Vision Zero data on crashes and injuries hasn’t been updated since the end of July. The map currently shows there are 145 traffic fatalities so far in 2022. The DOT told Gothamist that as of Aug. 31 there have now been 174 fatalities.
Other missed deadlines include the Serious Injury Response, Tracking & Analysis Program quarterly report, which is nearly two months late. The document is crucial for watchdogs, journalists, and analysts who track the safety of city streets.

The DOT was more punctual during the de Blasio years in putting out an annual progress report on the Greenwave program, a one-stop shop for information on what is being done to improve city streets. The Adams administration hasn’t released a progress report yet. It also hasn’t put out a Vision Zero review for 2022, which typically comes out in the spring. The DOT did, however, release a report on pedestrians and elderly New Yorkers, which found that seniors make up less than 15% of New York City’s population but over 45% of pedestrian fatalities.
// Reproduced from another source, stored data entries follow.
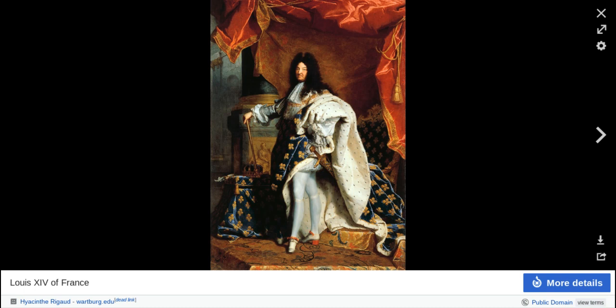Don Quixote was a Spanish work by Miguel de Cervantes. It's really famous because it kind of paves the way for modern novels — it's considered the first European novel.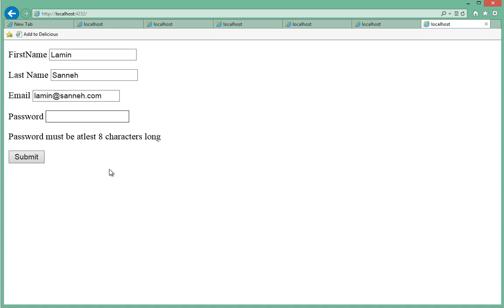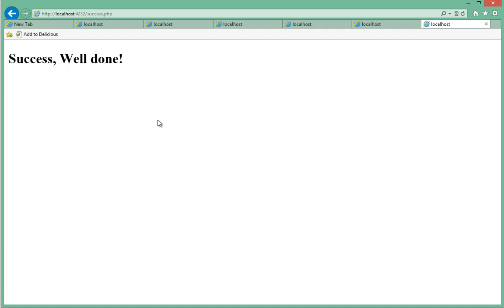So now let's make sure the password passes validation. So we'll say my password for this case, which will get a nice message saying that everything is gone through. So say submit. Yay!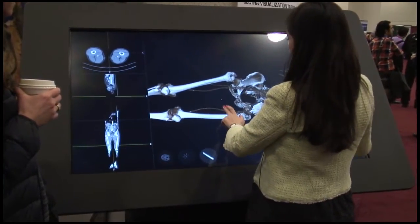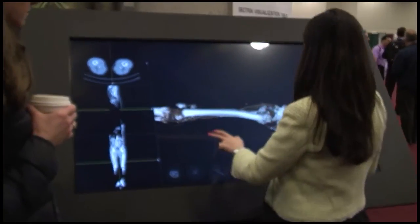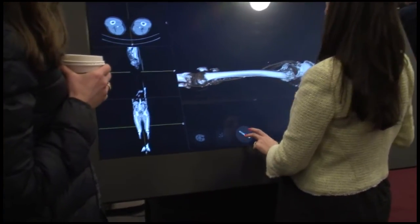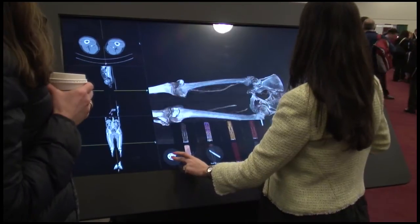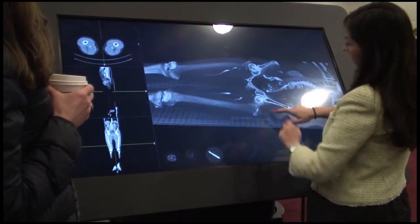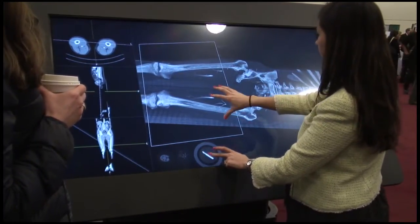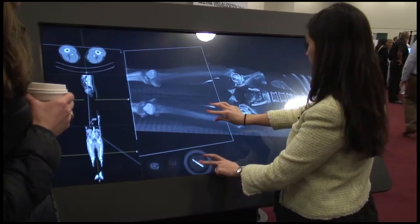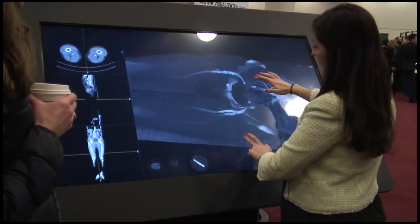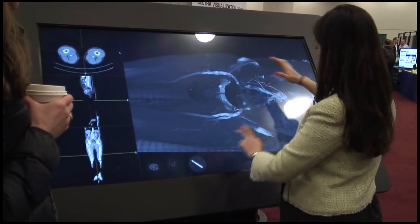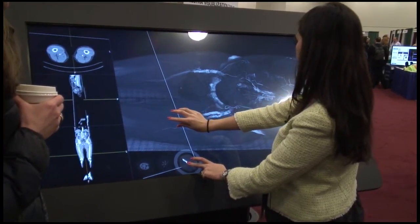Depending on what I want to see, I can change different presets. So if I do a cut like this and then I change to the organs, I can see a little bit better here depending on how deep I want to go. I can also search, for example, all the arteries.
Members of the City Council say they’re getting fed up with the DOT’s pace of work. Councilwoman Julie Won has called dealing with the DOT “like talking to a wall.” She slammed the agency for not making improvements to the Queensboro Bridge’s narrow pedestrian and cyclist path. That project has been pushed back a year.
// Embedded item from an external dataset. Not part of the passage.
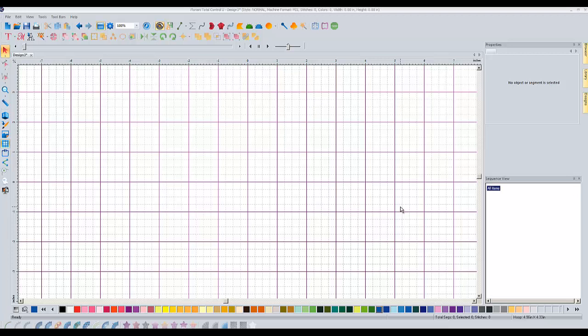Hi everybody, it's Brad with another Floriani Total Control U video for you. Today we're going to learn how to export to an SVG file, which is a file that can be read by cutting devices such as the Silhouette Cameo cutter.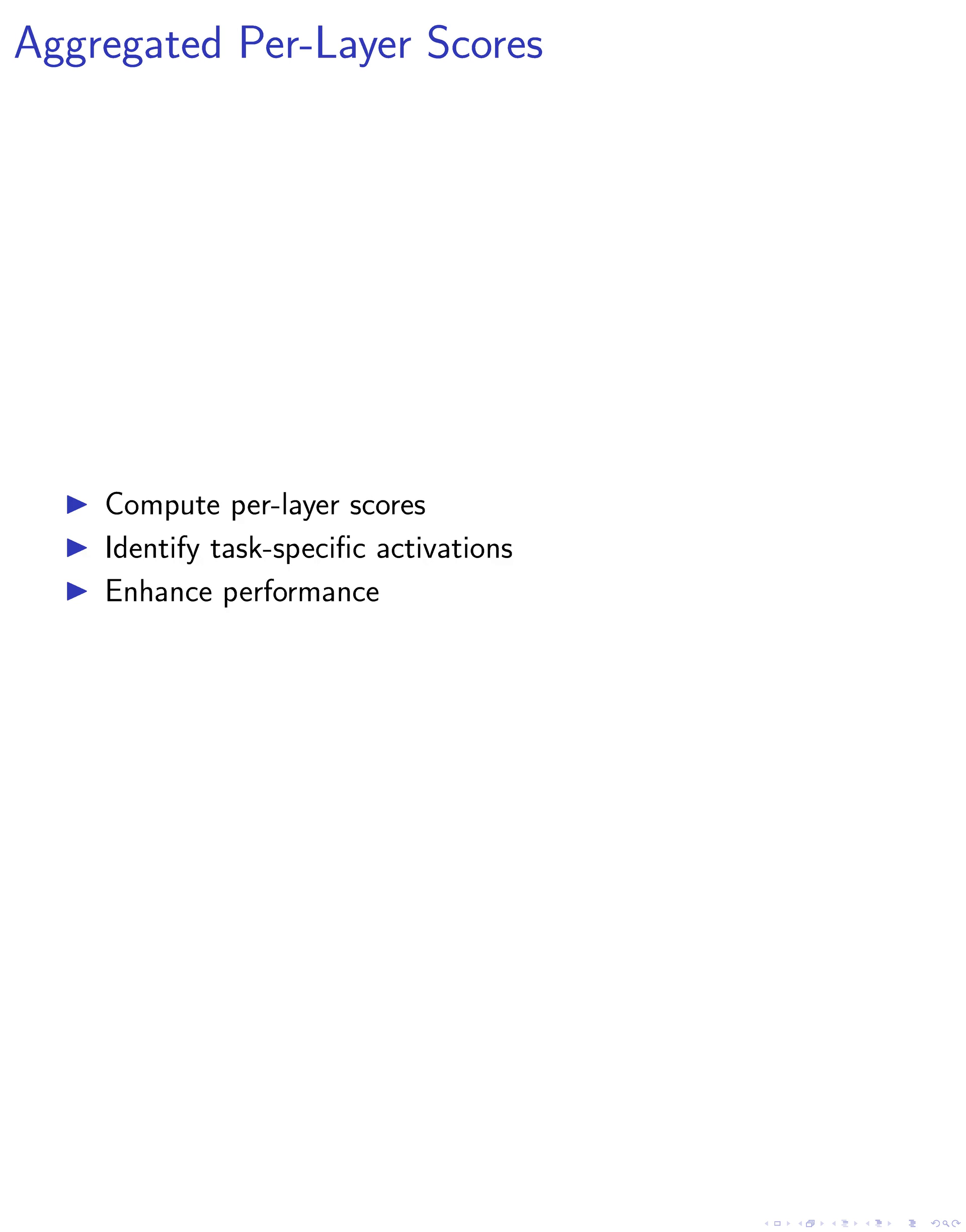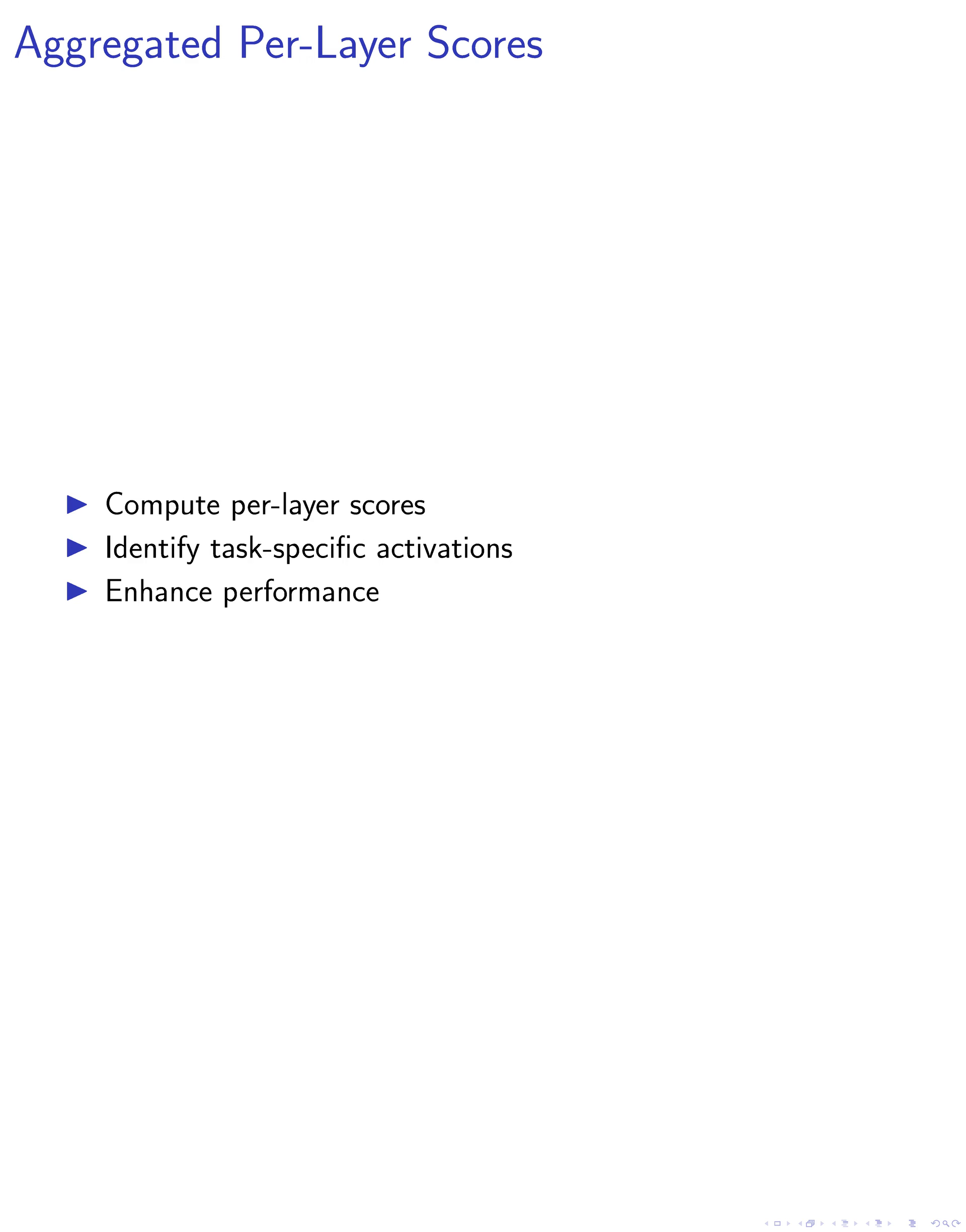Lastly, we compute aggregated per-layer scores to pinpoint activations capturing taskness and cluster data according to tasks. This computation enables the model to identify and prioritize task-specific activations, ultimately enhancing its performance across a range of computer vision tasks. Additionally, the use of the reinforce algorithm to identify visual task vectors further improves the model's adaptability and efficiency in executing tasks.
Others said they’ll keep pushing for improvements where they can, like Councilman Lincoln Restler.
“We've approved $904 million for better bus lanes, more pedestrian space, and protected bike lanes and now we need to pick up the pace on implementation,” Restler wrote in a statement. “Our office is doing everything we can to identify projects across our district and we are committed to provide robust oversight and accountability at the Council to start getting stuff done.”
The DOT didn’t answer questions about missing data and delayed reports. It didn’t say why only 2 miles of bus lanes have been completed so far, but said it’s working toward its goal of 20 by the end of the year. It touted 200 Open Streets locations and a record-breaking 900,000 Citibike rides last week.
“This administration has an ambitious agenda to deliver a safer, healthier, and more sustainable city with a clear focus on providing investment and resources equitably to historically underserved communities,” DOT spokesman Tomas Garita wrote in an email. “Mayor Adams has made a historic $900 million investment into the NYC Streets Plan and we are focused on working toward its aggressive targets.”